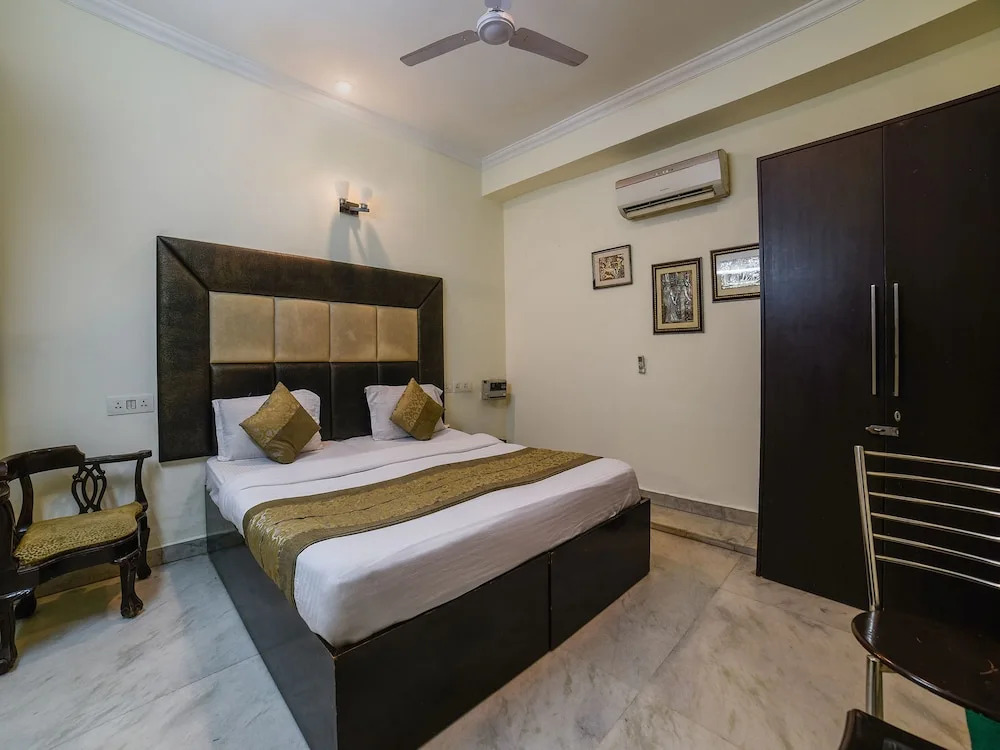 OYO 1768 Home Stay The Divine Home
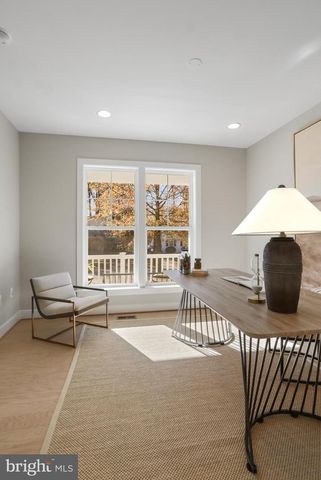 602 KINGSLEY RD SW, Vienna, VA 22180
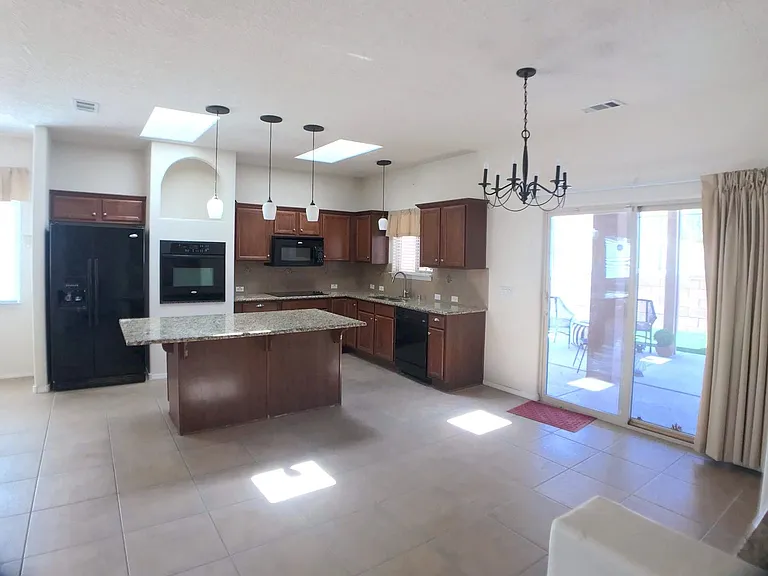 815 Desert Marigold Ct — Photo 5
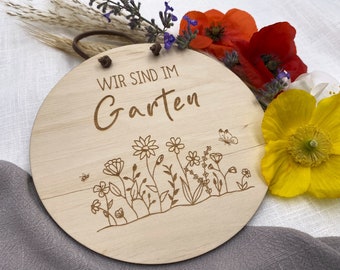 Wooden sign, wooden door sign "We are in the garden", housewarming gift, moving gift, topping-out ceremony gift, Christmas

■ **What the exercise asks**: Drop the images and return the data verbatim.

■ **Exercise result**:
 OYO 1768 Home Stay The Divine Home
 602 KINGSLEY RD SW, Vienna, VA 22180
 815 Desert Marigold Ct — Photo 5
 Wooden sign, wooden door sign "We are in the garden", housewarming gift, moving gift, topping-out ceremony gift, Christmas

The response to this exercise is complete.